Kemudian Sri bercerita, terlihat jelas
bahwa ia berusaha menyembunyikan air mata. Katanya, semalam ia memimpikan Tong
lagi. Ini sudah kali kesekian mimpi itu datang. Tapi Sri senang, sebab ia bisa
bertemu dengan kekasihnya itu walau hanya sebatas mimpi. Dua bulan sejak Tong
pergi, Sri tidur sendirian. Setiap hari sepulang dari pasar ia bersihkan
rumahnya dari kenangan-kenangan bersama Tong. Sore harinya ia pergi ke laut,
menghanyutkan surat yang ternyata tidak pernah sampai ke tengah laut. Pagi tadi
Sri memutuskan menempelkan selebaran itu setelah sebulan lalu dibuatnya. Ditempelkannya
pelan-pelan bersamaan dengan kenangan tentang Tong yang terus berlarian di
kepalanya. Kesedihan terus mengiringinya sampai ujung kampung sebrang. Sri kembali
ke kampungnya dengan tertatih-tatih. Disaksikan oleh orang-orang yang ikut
bersedih tapi tidak tahu harus melakukan apa untuk membantunya.
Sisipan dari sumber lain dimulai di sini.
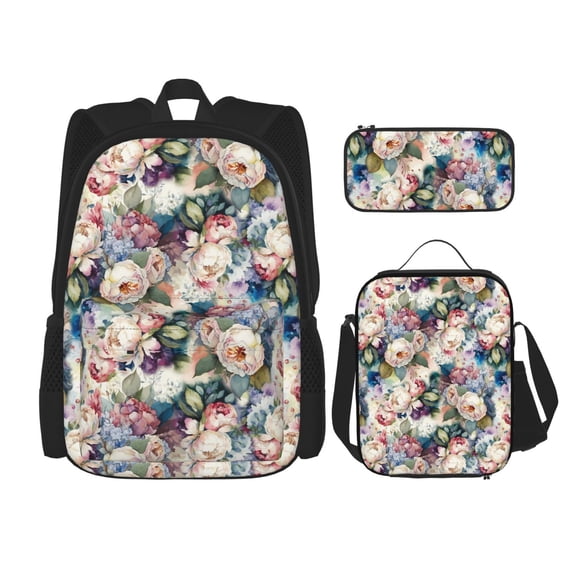 Naloa Rose Flowers Print Large Capacity Backpack Lunch Bag Pencil Case Combination 3 Piece Set for Student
Tong benar-benar
pergi tanpa satu pesan apapun. Tidak ada seorangpun yang menangkap basah
kepergiannya. Jejaknya tidak sekalipun ditemui oleh seluruh warga kampung. Kepala
kampung sesekali mendatangi rumah Sri, untuk memastikan kesehatan Sri sekaligus
menanyakan perkembangan kabar Tong. Namun Sri selalu menyambutnya dengan isak
tangis. Jika sudah begitu tidak ada yang bisa dilakukan oleh kepala kampung,
selain pulang dan membiarkan Sri menikmati kesendiriannya. Di akhir ceritanya,
Sri menangis. Ditumpahkannya segala kesedihan yang selama ini ia pendam. Bu
Balok ikut menangis sambil mengaduk teh hangat untuk Sri. Suasana warung itu
berubah menjadi mendung.
Sudah dua bulan Sri kehilangan, selama
itu pula Sri berusaha menutup kesedihan. Tapi Sri tetaplah wanita berperasaan. Ia
tetap keberatan jika harus menanggung rindu yang massanya tiap hari bertambah. Kebahagiaan
yang ia bangun bertahun-tahun bersama Tong hilang begitu saja. Hidupnya kemudian
berantakan, hatinya tersiksa, pikirannya carut marut tapi ia tetap tegar. Besok
jika Tong belum juga datang dihadapan Sri, ia akan tetap sedih. Dan Sri akan
kembali mengulang rutinitasnya. Menyulam senyum setiap pagi, bekerja keras
hingga bercucuran keringat di pasar, petangnya ia kirimkan sajak-sajak
kerinduan kepada Tong yang ia hanyutkan di lautan, sayangnya ia tidak pernah
tahu bahwa sajak itu tidak pernah sampai. Sajak itu hanya berenang di bibir
pantai yang kemudian dipungut Amron dengan bulir air mata. Sri tidak pernah
sadar, diam-diam ada yang menginginkannya. Entah berapa lama kisah sedih ini terus berulang.